Perawatan dan Pencegahan

Perawatan obat biasanya digunakan jika posisi rendah dari plasenta memerlukan pelepasannya. Bagaimana cara meningkatkan plasenta selama kehamilan? Mengubah lokasi embrio menjadi tidak mungkin. Tetapi jika Anda mengikuti rekomendasi ini, mulai dari 12 minggu kehamilan (atau sejak diagnosis patologi), Anda dapat melahirkan anak yang sehat.

Jika diagnosis dibuat untuk jangka waktu 13 minggu, dokter kandungan akan merekomendasikan:

  • Kenakan perban.
  • Tinggalkan aerobik (bahkan cahaya) dan kegiatan olahraga apa pun, gantikan dengan berjalan kaki yang tidak terburu-buru.
  • Hindari menaiki tangga.
  • Jangan angkat beban.
  • Makan enak, minum minuman vitamin.
  • Menolak berhubungan seks.
  • Minimalkan perjalanan dalam transportasi (gerakan tiba-tiba dapat menyebabkan detasemen).
  • Bersin dan batuk dengan hati-hati dan berbaring atau duduk.
  • Hindari gerakan tiba-tiba (tidak hanya melompat, tetapi juga mengangkat tangan).
  • Jangan duduk di kursi dengan kaki bersilang.
  • Hindari stres.

Dengan plasenta dataran rendah untuk jangka waktu 12-13 minggu, jika Anda mengikuti rekomendasi ini, pada 30 minggu situasinya biasanya kembali normal.
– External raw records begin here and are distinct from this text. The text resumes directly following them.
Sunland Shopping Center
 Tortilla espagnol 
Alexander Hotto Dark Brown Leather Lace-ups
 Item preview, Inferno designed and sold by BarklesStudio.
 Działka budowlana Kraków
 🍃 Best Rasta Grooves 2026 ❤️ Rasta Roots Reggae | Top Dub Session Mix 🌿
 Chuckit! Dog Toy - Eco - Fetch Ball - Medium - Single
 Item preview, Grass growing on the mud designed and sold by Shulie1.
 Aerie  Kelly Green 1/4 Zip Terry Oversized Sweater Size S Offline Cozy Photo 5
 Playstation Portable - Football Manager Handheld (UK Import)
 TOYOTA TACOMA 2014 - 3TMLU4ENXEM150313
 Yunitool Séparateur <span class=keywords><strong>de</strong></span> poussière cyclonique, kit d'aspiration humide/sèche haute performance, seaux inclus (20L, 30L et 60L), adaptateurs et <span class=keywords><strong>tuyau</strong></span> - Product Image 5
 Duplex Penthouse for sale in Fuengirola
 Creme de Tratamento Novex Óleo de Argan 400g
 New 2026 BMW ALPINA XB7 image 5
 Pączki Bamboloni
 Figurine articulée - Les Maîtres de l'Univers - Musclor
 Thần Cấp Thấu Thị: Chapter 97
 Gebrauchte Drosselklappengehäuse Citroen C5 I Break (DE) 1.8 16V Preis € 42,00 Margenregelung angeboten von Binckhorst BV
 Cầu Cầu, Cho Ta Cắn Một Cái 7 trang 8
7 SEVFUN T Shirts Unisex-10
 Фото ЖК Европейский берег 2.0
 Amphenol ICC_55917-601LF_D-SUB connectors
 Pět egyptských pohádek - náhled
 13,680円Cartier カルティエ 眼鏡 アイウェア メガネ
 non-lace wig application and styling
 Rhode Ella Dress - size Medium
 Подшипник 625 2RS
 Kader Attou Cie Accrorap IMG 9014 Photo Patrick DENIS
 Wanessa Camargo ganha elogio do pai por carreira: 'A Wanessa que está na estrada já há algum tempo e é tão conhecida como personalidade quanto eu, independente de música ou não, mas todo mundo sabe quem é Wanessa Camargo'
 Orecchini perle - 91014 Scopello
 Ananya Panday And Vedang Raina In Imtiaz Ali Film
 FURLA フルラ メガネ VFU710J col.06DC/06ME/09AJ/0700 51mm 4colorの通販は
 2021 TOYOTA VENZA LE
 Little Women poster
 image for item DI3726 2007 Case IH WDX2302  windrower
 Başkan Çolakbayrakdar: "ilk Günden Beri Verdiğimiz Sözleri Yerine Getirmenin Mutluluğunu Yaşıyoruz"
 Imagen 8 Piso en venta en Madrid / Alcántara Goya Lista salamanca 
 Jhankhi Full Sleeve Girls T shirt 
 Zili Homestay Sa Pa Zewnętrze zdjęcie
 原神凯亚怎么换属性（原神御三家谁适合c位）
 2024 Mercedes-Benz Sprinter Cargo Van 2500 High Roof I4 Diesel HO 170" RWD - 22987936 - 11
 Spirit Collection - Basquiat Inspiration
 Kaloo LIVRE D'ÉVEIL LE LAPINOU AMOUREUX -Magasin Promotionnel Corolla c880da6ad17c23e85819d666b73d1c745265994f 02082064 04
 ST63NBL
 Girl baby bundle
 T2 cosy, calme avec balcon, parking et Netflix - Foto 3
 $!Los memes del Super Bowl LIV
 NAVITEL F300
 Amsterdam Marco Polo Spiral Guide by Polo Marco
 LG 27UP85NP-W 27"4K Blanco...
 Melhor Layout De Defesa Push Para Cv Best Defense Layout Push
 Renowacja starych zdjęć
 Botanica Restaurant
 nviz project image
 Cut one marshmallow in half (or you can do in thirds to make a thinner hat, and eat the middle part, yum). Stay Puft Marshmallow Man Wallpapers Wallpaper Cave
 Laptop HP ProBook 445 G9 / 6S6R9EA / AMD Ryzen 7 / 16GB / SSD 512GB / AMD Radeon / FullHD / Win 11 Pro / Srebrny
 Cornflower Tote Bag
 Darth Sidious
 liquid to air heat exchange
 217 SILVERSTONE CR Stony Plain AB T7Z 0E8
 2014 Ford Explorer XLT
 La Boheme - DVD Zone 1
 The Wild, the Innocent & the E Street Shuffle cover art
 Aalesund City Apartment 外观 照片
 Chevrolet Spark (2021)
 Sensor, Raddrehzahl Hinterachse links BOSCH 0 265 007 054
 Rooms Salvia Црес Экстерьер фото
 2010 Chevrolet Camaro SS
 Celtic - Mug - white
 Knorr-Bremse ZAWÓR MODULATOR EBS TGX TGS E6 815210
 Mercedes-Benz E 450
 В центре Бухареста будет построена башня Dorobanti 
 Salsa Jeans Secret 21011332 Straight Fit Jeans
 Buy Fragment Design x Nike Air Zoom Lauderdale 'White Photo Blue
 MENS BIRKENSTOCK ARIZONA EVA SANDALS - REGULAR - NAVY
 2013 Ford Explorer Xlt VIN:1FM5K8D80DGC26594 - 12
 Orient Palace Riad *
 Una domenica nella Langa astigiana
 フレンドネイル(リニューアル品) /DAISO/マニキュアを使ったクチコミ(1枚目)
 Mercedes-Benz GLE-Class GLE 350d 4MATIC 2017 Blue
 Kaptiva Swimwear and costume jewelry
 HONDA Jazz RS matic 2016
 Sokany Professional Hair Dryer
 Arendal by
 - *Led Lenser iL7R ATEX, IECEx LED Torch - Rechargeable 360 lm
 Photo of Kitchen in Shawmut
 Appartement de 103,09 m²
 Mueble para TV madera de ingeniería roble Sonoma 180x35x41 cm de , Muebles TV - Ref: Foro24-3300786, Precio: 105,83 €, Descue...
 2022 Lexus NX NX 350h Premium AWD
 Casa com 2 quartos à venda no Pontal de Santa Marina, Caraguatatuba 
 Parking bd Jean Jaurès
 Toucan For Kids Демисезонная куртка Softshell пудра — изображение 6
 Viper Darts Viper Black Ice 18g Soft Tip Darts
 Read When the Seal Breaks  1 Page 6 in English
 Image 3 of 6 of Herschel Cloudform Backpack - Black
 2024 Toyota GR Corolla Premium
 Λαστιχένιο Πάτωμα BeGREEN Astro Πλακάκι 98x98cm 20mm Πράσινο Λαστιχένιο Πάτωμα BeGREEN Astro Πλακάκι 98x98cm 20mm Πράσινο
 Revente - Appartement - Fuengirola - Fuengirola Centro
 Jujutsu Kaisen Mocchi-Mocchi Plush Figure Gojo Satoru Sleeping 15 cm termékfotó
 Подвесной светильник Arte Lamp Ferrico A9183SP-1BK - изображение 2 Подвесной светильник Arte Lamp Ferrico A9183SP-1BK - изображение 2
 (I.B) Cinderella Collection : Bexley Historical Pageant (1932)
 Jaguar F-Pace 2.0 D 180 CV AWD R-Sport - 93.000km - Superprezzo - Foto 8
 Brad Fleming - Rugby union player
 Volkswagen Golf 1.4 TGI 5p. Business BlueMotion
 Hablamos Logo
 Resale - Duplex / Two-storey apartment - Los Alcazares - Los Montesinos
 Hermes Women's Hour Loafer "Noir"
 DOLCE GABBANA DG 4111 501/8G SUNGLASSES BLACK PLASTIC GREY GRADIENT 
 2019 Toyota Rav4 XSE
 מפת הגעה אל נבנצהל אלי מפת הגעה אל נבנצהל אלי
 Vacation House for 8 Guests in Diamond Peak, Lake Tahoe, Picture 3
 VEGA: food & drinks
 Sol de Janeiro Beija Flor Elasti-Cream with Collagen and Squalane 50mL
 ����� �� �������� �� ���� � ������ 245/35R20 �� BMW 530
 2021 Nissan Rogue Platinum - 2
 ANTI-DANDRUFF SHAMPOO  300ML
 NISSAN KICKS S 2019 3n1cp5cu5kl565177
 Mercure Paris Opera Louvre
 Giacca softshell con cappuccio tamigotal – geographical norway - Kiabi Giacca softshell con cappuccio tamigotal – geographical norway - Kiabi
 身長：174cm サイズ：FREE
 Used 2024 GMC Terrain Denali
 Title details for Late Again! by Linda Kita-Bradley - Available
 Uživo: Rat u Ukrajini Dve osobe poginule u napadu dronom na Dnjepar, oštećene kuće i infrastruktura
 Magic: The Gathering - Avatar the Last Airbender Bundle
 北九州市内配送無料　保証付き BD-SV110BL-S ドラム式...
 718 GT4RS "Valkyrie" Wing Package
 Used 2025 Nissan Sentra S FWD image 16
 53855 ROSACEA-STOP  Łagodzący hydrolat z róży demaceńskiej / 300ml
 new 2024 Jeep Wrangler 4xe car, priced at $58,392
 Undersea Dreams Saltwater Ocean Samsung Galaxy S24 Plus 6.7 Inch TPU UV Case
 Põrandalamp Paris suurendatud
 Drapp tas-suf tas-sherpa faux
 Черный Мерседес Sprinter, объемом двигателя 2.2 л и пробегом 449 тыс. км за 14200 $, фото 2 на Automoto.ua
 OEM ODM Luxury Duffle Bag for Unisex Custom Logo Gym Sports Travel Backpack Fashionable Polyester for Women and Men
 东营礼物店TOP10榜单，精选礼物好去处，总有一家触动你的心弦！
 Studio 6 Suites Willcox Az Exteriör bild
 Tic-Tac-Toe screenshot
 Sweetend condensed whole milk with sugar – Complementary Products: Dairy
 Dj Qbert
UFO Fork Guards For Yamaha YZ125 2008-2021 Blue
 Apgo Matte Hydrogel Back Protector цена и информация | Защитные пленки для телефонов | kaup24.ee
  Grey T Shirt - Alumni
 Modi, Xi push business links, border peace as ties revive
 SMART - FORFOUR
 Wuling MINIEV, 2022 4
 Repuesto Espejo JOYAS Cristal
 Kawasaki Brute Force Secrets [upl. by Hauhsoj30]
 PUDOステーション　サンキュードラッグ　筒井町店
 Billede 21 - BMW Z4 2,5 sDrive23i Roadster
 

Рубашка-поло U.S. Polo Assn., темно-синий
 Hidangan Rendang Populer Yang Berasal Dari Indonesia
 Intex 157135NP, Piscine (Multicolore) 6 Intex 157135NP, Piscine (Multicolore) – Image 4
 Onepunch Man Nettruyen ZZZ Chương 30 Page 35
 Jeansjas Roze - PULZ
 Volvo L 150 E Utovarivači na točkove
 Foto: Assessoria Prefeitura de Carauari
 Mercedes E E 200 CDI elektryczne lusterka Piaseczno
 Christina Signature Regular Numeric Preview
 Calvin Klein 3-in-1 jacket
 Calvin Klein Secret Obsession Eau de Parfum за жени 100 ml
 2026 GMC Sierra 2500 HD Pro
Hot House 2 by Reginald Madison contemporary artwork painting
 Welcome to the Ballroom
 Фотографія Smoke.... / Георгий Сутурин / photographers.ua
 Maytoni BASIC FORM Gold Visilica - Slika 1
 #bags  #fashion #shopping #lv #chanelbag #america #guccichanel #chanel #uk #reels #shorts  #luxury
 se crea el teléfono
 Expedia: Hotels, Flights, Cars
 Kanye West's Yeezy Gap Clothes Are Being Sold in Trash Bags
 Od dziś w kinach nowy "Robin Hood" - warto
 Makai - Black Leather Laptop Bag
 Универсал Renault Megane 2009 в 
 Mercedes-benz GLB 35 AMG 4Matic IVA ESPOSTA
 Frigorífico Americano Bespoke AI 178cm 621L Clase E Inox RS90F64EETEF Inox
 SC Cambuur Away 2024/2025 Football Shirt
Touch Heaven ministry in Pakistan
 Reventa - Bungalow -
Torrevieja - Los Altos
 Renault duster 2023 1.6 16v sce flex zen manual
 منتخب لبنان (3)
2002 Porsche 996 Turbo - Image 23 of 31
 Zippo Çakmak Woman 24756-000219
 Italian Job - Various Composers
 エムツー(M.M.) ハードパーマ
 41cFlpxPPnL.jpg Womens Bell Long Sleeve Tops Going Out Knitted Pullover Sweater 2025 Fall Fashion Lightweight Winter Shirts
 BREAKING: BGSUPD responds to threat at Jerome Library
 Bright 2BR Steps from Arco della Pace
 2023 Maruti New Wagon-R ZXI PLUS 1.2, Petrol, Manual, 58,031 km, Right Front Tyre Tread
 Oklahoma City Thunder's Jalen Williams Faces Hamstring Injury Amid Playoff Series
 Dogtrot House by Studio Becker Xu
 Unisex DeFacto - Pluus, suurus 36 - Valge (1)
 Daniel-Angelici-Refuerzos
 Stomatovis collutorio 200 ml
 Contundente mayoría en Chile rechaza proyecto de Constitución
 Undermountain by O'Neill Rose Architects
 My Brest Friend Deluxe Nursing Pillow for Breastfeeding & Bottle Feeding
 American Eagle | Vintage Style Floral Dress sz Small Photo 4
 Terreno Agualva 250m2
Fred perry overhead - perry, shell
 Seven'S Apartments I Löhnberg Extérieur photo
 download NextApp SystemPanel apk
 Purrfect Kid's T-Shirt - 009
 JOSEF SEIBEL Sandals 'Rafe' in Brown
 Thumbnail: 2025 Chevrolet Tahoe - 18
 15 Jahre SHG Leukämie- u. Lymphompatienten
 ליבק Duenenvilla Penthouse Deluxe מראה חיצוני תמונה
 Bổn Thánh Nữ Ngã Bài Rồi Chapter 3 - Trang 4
Tetapi jika ini tidak terjadi, jangan panik. Kadang-kadang seorang dokter ultrasonografi, sebelum kelahiran, memberi tahu wanita itu bahwa posisi plasenta memungkinkan persalinan secara alami.

Deteksi plasentasi rendah selama kehamilan pada minggu ke 21 juga bukan alasan untuk panik. Semua rekomendasi ini akan membantu mempertahankan keadaan normal wanita. Jika perdarahan dimulai, dalam hal ini perlu pergi ke rumah sakit dan menjalani terapi obat.

Untuk perawatan, gunakan berbagai kelompok obat:

  1. Obat penenang ringan (Valerian).
  2. Hemostatika (Tranexam) untuk mencegah perdarahan selama pelepasan.
  3. Antibiotik (sefalosporin generasi III, misalnya, Cedex, Ceftebuten), untuk mencegah perkembangan infeksi selama pembentukan hematoma plasenta.
  4. Metabolit (Actovegin) untuk pencegahan kegagalan dalam sistem uterus-plasenta.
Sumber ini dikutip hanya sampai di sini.